Saturday, March 22, 2008
Yesterday was Good Friday for all of those Christians who follow the Western Pascal Calender. My off farm work closed for a half day in honor of this. The mission church I attend does not have services until 7:00 pm, so I went home to face one of the tasks I hate during the farm year-cleaning up orchard trimmings. I rate job this below cleaning manure from pens or weeding onions. I only do it because:
1. The orchard has been my wife's labor of love, and speaks of the permanence of our marriage and life together here.
2. I have an inordinate love of apple cider
3. Washington State apples in local grocery stores are $1.79 per pound
A retired orchardman from across the border in Ohio comes to prune our orchard. He is an interesting and saintly man, and reminds me of the "dressers of vines" from the Old Testament.The first year, I thought I would haul the trimmings away as he cut. I soon found it was impossible to keep up with a man who arrives at the job with three chainsaws ready to go. As soon as one saw ran out of fuel, he picked up the next.
In the wake of his creative destruction, I must deal with the trimmings. Some of it makes good firewood. I get a few walking sticks and tool handles. However, most of it heads for a burn pile. To prevent disease, it must be hauled some distance away. First I go through and trim the firewood. I tend to dull more chainsaw blades than working in the woodlot. Apple wood grows at right angles, and many odd shapes. As I load the brush on a cart, the whip ends slash my ears and poke my eyes. The cart holds too little, because the apple wood will not stack like other brush. I could cut it smaller, and dull more chains, or haul bigger pieces and get whipped in the ear more. I once tried loading a hay wagon instead of the cart, but the wagon would not fit in the orchard rows.
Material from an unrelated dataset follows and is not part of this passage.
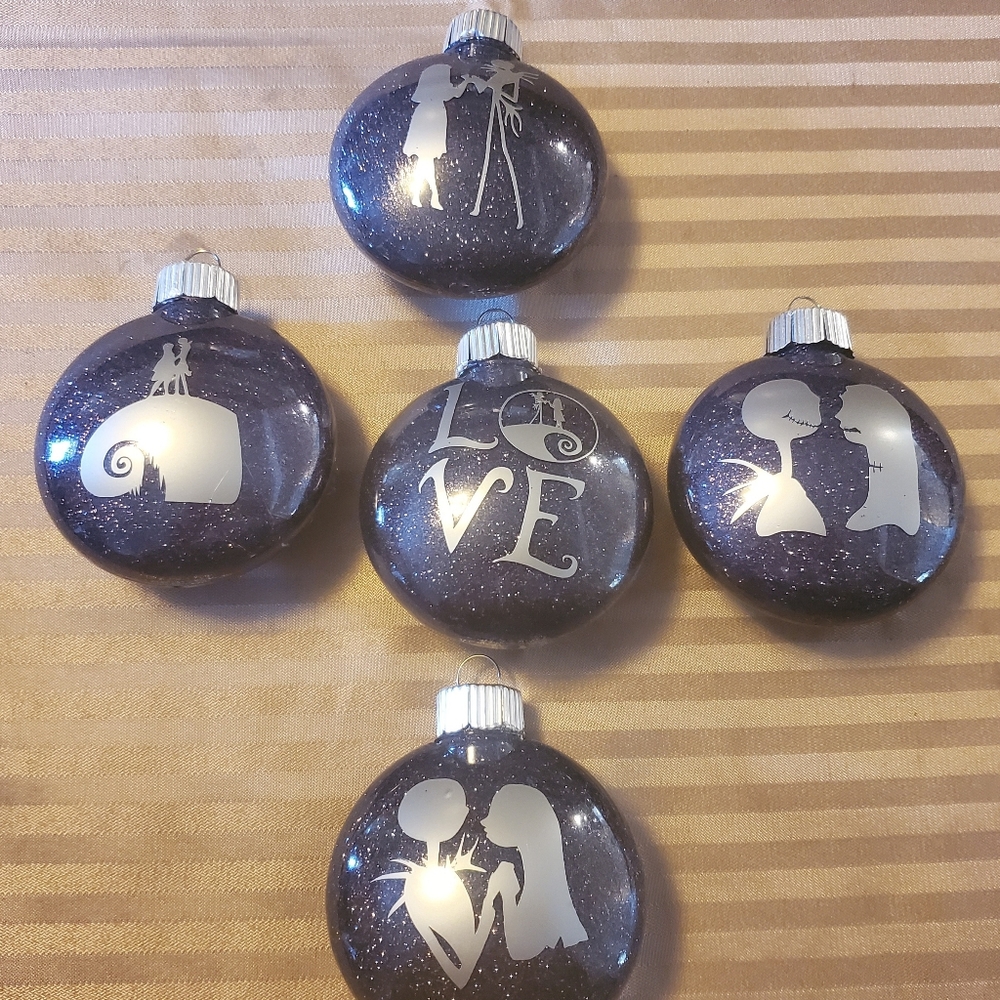 Nightmare Before Christmas ornaments set of 5 handmade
There is no way around this job. While I do it, I try to focus on a future beatific vision of a Fall day, when we take a load of apples to the commercial press down the road. I look forward to pressing a small load at home with my friend and neighbor, a local dairyman. We do this the old fashioned way for the pleasure of catching up with each other in our busy lives, and enjoying good food. I remember with gratitude that we actually own these trees and the land underneath. And finally, being Good Friday, I recall that a poke in the eye and a stinging ear are only dust in the face of betrayal,scourging, mockery,and crucifixion for the sins of the whole world. I have no case.